思路:水題,對每一種班車,找出這個小朋友最早上車的時刻,那麼對於每一種班車,都會有個最早上車的時刻。在這n個時刻中,取其中最小值即可。
代碼:
#pragma comment(linker, "/STACK:1024000000,1024000000")
#include <map>
#include <set>
#include <stack>
#include <cmath>
#include <queue>
#include <vector>
#include <cstdio>
#include <string>
#include <cstring>
#include <sstream>
#include <iostream>
#include <algorithm>
#define Fin freopen("in.txt","r",stdin)
#define Fout freopen("out.txt","w",stdout)
#define Case(T) int T;for(scanf("%d",&T);T--;)
#define fo(i,a,b) for(int i = a; i < b; ++i)
#define fd(i,a,b) for(int i = a; i >= b; --i)
#define me(a,b) memset(a,b,sizeof(a))
#define fi(a,n,val) fill(a,a+n,val)
#define Scand(n) scanf("%d",&n)
#define Scand2(a,b) scanf("%d%d",&a,&b)
#define Scand3(a,b,c) scanf("%d%d%d",&a,&b,&c)
#define Scand4(a,b,c,d) scanf("%d%d%d%d",&a,&b,&c,&d)

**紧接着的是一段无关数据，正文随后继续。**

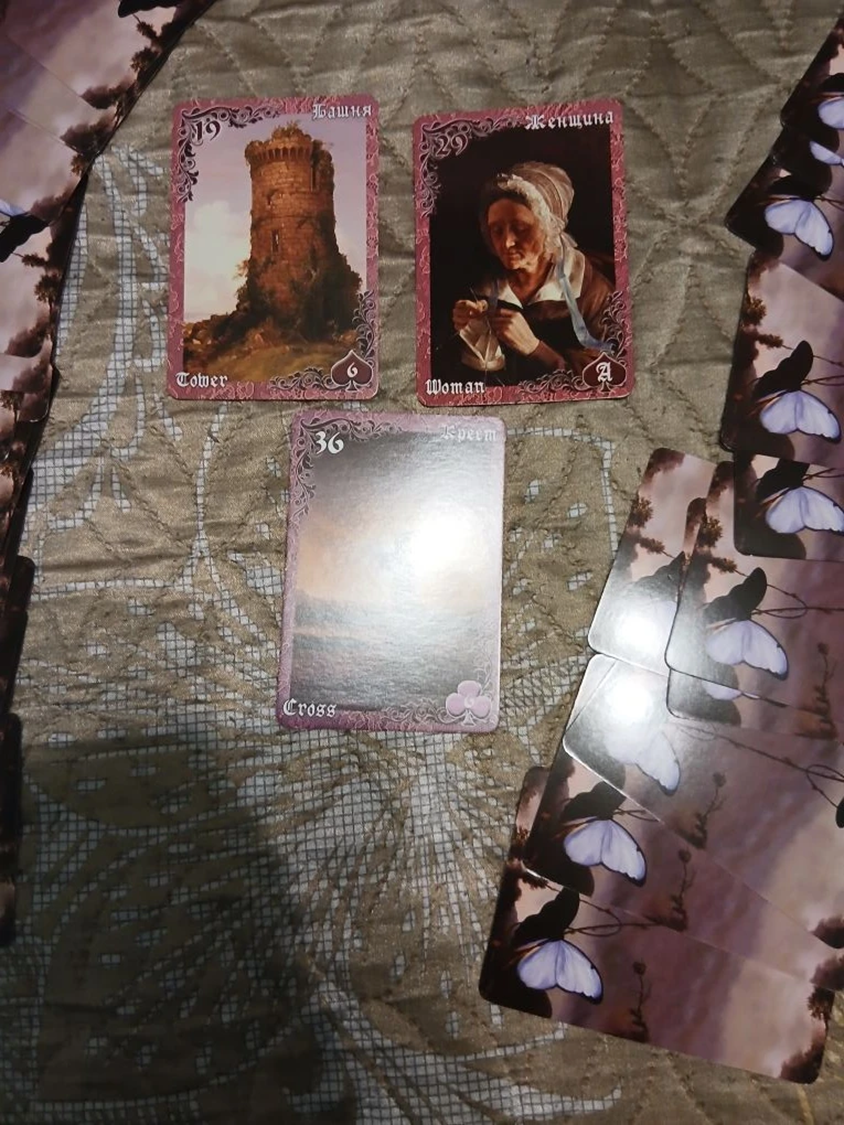 Карты: кошачий разбор с цветовой магией 🃏🔍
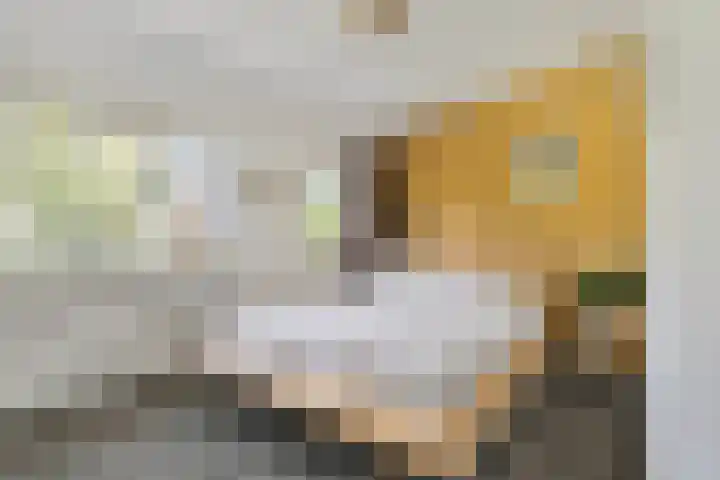 Boegbeeld 33 Oss thumbnail 23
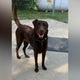 Westmoreland County dog rescue hosts reunion event 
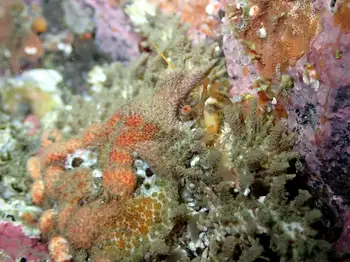 Heart Crab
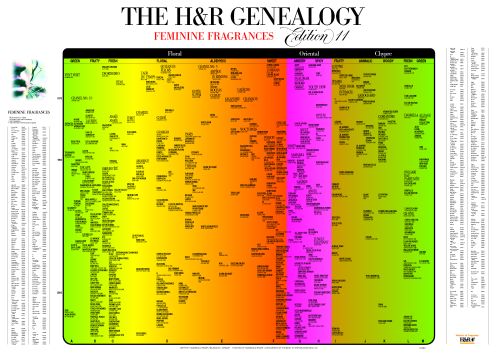 H&R Genealogy feminin notes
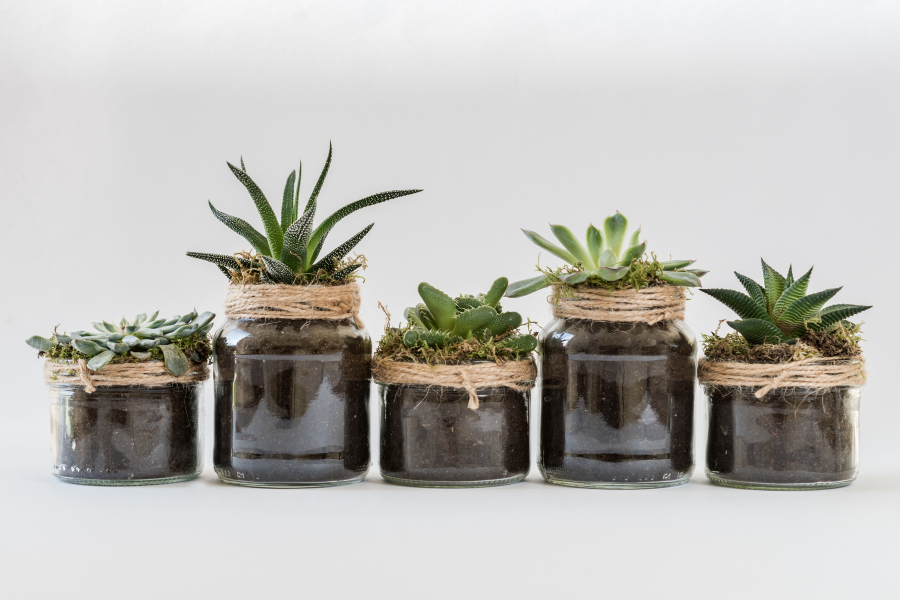 How to have a Sustainable Houseplant Collection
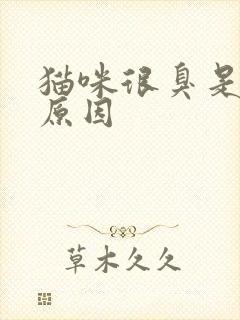 猫咪很臭是什么原因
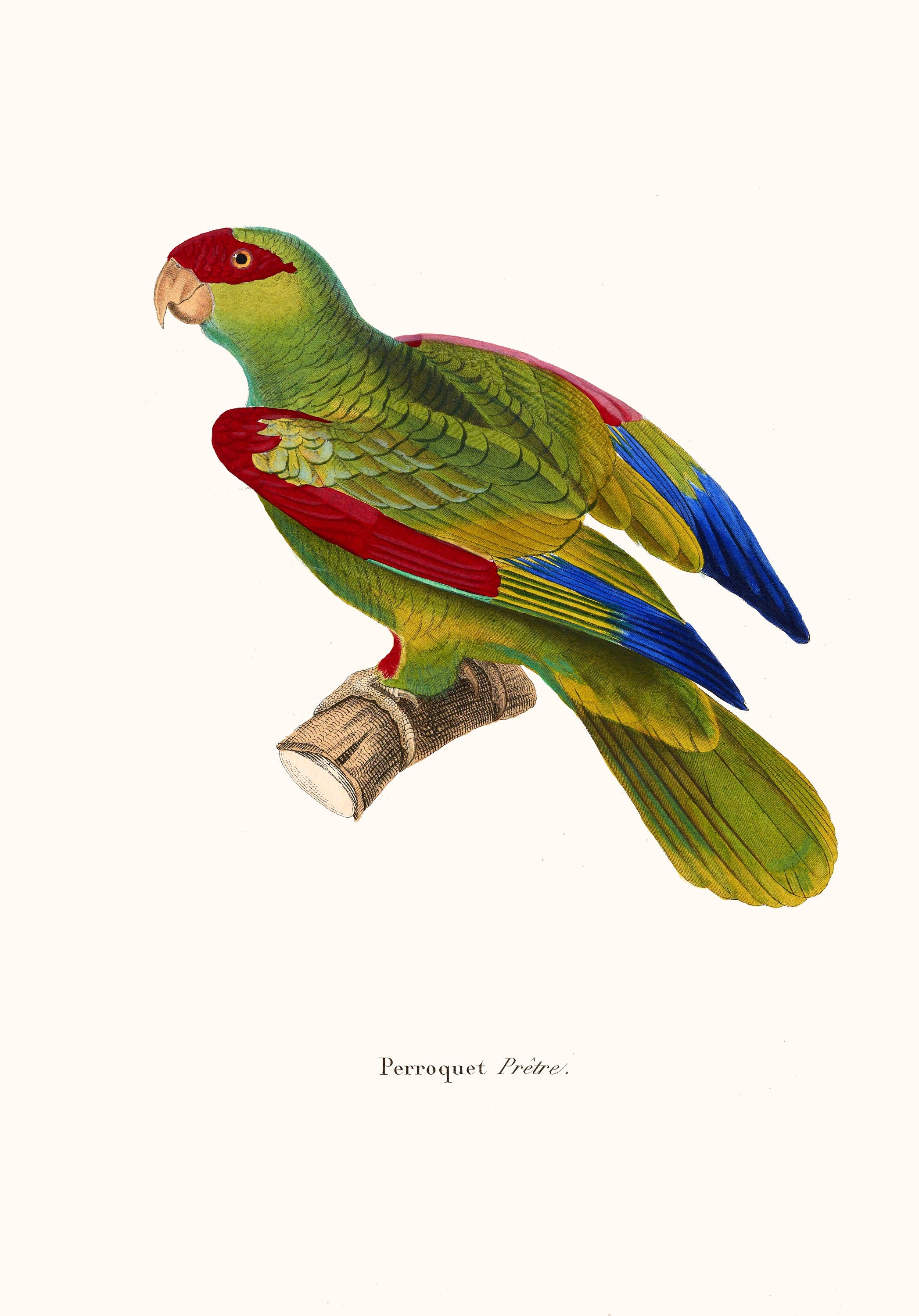 希少 The Parrots Die Papageien 鳥 コレクター 画集 希少 The Parrots Die Papageien 鳥 コレクター 画集 希少 The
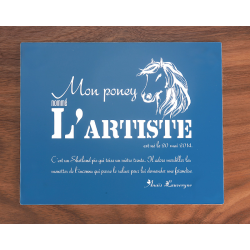 Plaque De Box Bleue - série A1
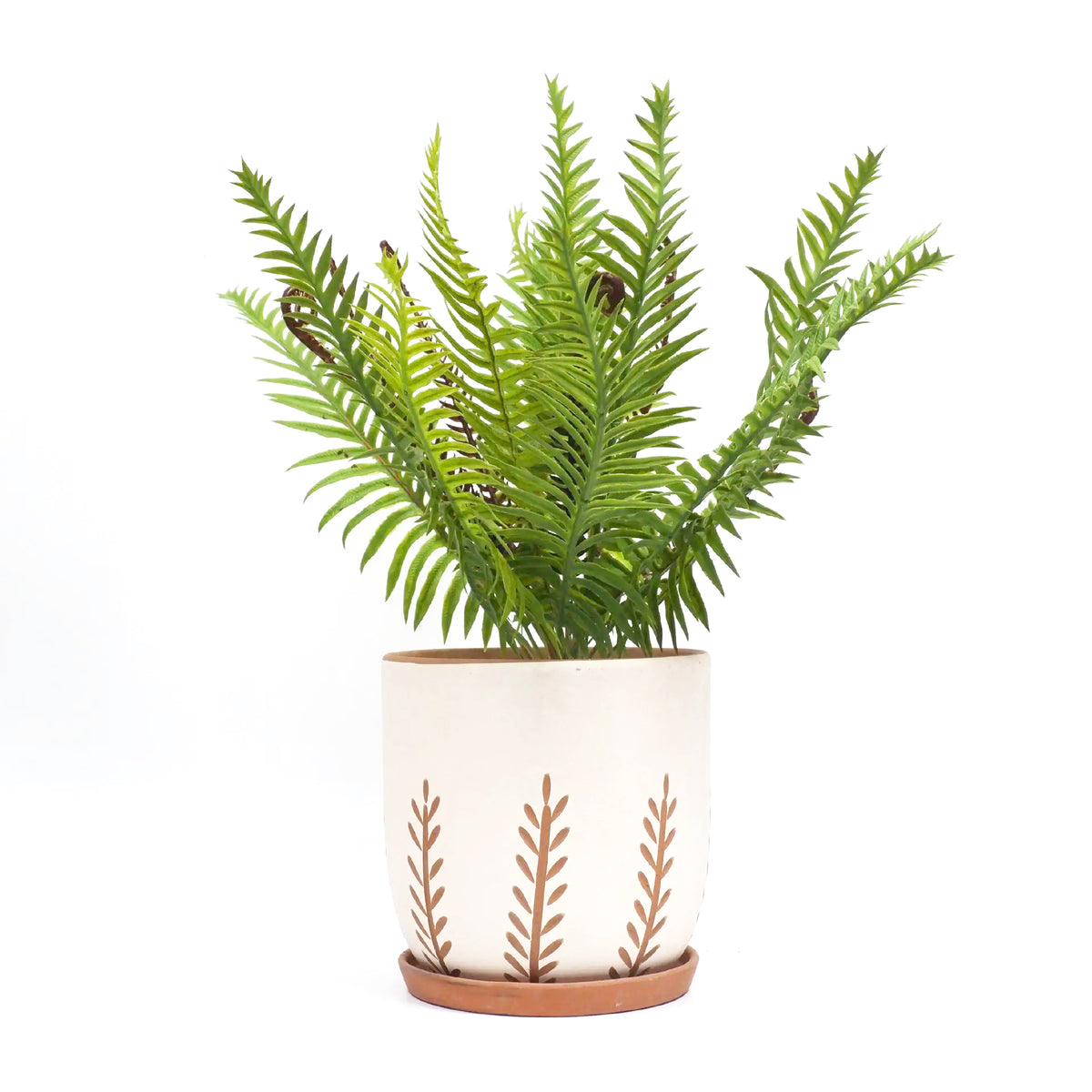 Stunning vertical leaf carving pattern for indoor plant, Houseplant decorative pot for sale online, Carving terra cotta pot for planting
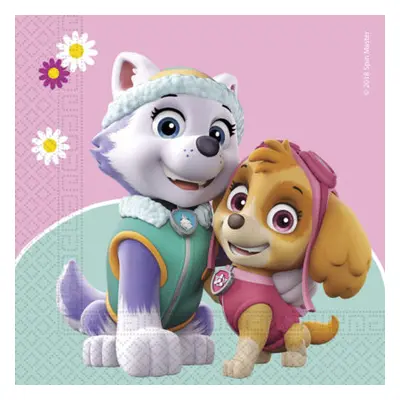 Procos Ubrousky Paw Patrol Skye & Everest ks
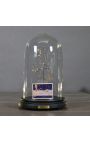 Cupola de sticlă de la Zodiac (Pestii) cu o lățime de maximum 10 mm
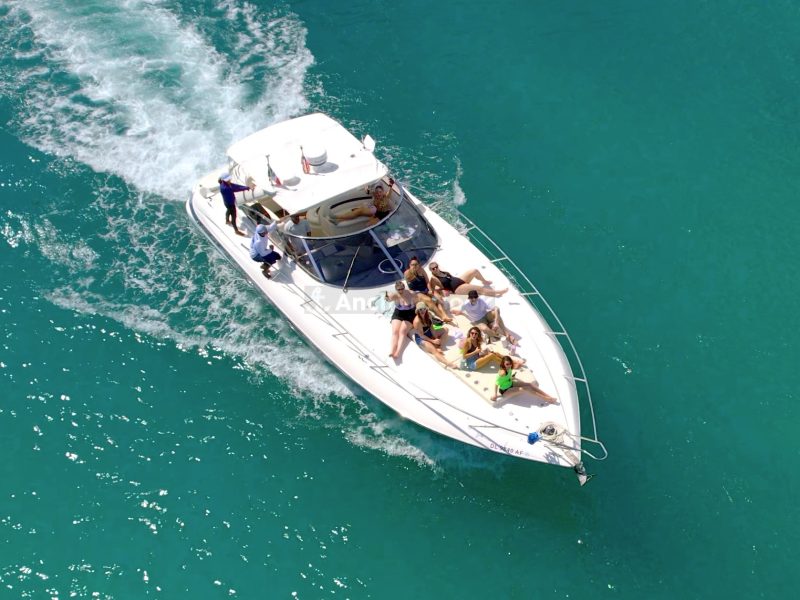 Private Premium Yacht 46FT Rental in Cancun | AnchorsBook Photo Private Premium Yacht 46FT Rental in Cancun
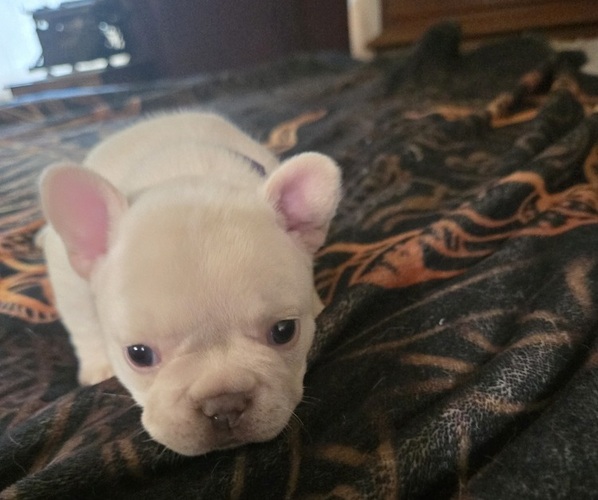 Medium Photo #12  Breeder Profile in LEXINGTON, KY, USA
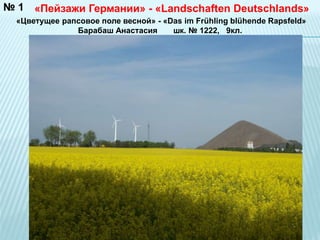«Пейзажи Германии» - «Landschaften Deutschlands» 
«Цветущее рапсовое поле весной» - «Das im Frühling blühende Rapsfeld» 
Барабаш Анастасия шк. № 1222, 9кл. 
№ 1 
 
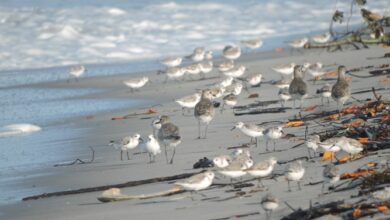 Gripe aviária: Aves migratórias são encontradas mortas no litoral do RN e governo faz alerta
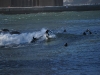DSC_0011.jpg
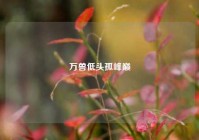 万兽低头孤峰巅
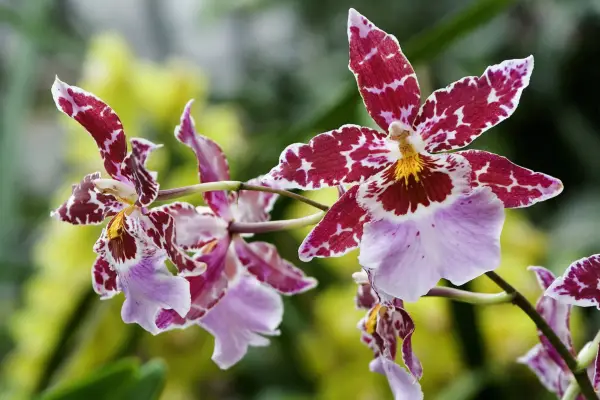 Odontoglossum orchid. Credit: Getty Images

#define Scans(s) scanf("%s",s)
#define random(a,b) a+rand()%(b-a+1)
using namespace std;
typedef long long ll;
ll gcd(ll a,ll b) { return b ? gcd(b,a%b): a; }
const int maxn = 105;
const int INFint = 0xffffff;
const ll INFll = (ll)1e18;
#ifndef ONLINE_JUDGE
#endif // ONLINE_JUDGE
inline int readint(){
int sgn = 1; int sum = 0;
char ch = getchar();
while (ch < '0' || ch > '9') {
if(ch == '-') sgn = -sgn;
ch = getchar();
}
while ('0' <= ch && ch <= '9') {
sum = sum*10+(ch-'0');
ch = getchar();
}
return sgn*sum;
}
inline ll readll(){
ll sgn = 1; ll sum = 0;
char ch = getchar();
while (ch < '0' || ch > '9') {
if(ch == '-') sgn = -sgn;
ch = getchar();
}
while ('0' <= ch && ch <= '9') {
sum = sum*10+(ch-'0');
ch = getchar();
}
return sgn*sum;
}
int n, t;
int a[maxn], b[maxn];
int main()
{
#ifndef ONLINE_JUDGE
//Fin;
#endif // ONLINE_JUDGE
cin >> n >> t;
for(int i = 0; i < n; ++i){
cin >> a[i] >> b[i];
}
int ans = INFint;
int ansIndex = -1;
for(int i = 0; i < n; ++i){
while(1){
if(a[i] >= t){
if(a[i] < ans){
ans = a[i];
ansIndex = i;
}
break;
}
a[i] += b[i];
}
}
cout << ansIndex+1;
return 0;
}
B:https://codeforces.com/contest/1153/problem/B
題意:給你一個積木的三視圖:正視圖(一維數組表示,其中數組值爲該列中的最高那行積木的高度),左視圖(一維數組表示,其中數組值爲該行最高那列積木的高度),俯視圖(二維數組,其中數組值:爲1,表示有積木,爲0,表示沒有積木)。要求還原積木的具體圖形,用俯視圖表示(二維數組,數組值表示那個格子上有多少個積木,即高度)。存在多種答案,輸出其中任意一種即可。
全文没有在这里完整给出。